R. C. Iping, G. Sonneborn (NASA GSFC)

O VI 1032, 1038 A emission from the circumstellar pre-explosion gas around SN 1987A has been detected in spectra obtained by the Far Ultraviolet Spectroscopic Explorer (FUSE) satellite. FUSE observes in the wavelength range 900-1185 A at a spectral resolution of 15-20 km/sec. O VI is the highest ionization state yet detected in line emission from the SN 1987A circumstellar material. The O VI emission line profiles are narrow, with FWHM <35 km/sec, and have a heliocentric radial velocity of +280 km/sec. This places the emitting gas at rest relative to the supernova. Spectra obtained in Oct. 2000 and Sept. 2001 have essentially the same O VI fluxes. Simultaneous spectra obtained in the other FUSE apertures, positioned about 100 arcsec from SN 1987A, show nothing at the O VI wavelengths, eliminating diffuse emission in the LMC as a possible source of the O VI feature.
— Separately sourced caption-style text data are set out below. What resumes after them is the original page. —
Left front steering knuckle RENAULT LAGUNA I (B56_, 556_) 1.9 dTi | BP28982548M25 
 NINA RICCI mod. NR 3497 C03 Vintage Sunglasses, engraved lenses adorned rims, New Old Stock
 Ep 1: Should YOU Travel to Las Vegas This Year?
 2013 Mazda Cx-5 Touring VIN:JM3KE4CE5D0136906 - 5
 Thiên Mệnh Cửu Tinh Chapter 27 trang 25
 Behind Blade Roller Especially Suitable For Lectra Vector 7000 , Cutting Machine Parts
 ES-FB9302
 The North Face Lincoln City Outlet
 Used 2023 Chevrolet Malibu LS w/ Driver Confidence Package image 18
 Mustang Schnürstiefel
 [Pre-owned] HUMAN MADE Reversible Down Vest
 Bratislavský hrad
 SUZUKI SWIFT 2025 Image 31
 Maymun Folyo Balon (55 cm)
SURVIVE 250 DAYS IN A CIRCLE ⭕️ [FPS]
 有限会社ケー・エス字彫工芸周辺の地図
We present an analysis of the interstellar absorption lines in FUSE spectra of the two early B-type companion stars of SN 1987A, Star 2 and Star 3. Stars 2 and 3 are 2.9 and 1.7 arcsec, respectively, from the position of the former Sk -69 202. They are separated by 4.5 arcsec, or about 1.1 pc in the LMC. Spectra of Star 3 were taken through 1.25x20 arcsec and 4x20 arcsec apertures; Star 2 was observed only through the 4x20 arcsec aperture. The lines of sight have interstellar Milky Way and LMC features, including molecular hydrogen and O VI. The interstellar O VI 1032 A profile and some other features are not the same on the two lines of sight. Analysis of the O VI profiles show that the LMC O VI absorption is present only at heliocentric velocities less than about +260 km/sec. This supports the analysis of the O VI emission from SN 1987A , particularly the conclusion that ISM absorption does not interfere with the O VI 1032 emission line profile. The interstellar line profiles show that intervening absorption has a negligible effect on the shape of the O VI emission.

This work has been supported in part by NASA grant NAG5-11137 to Catholic University of America.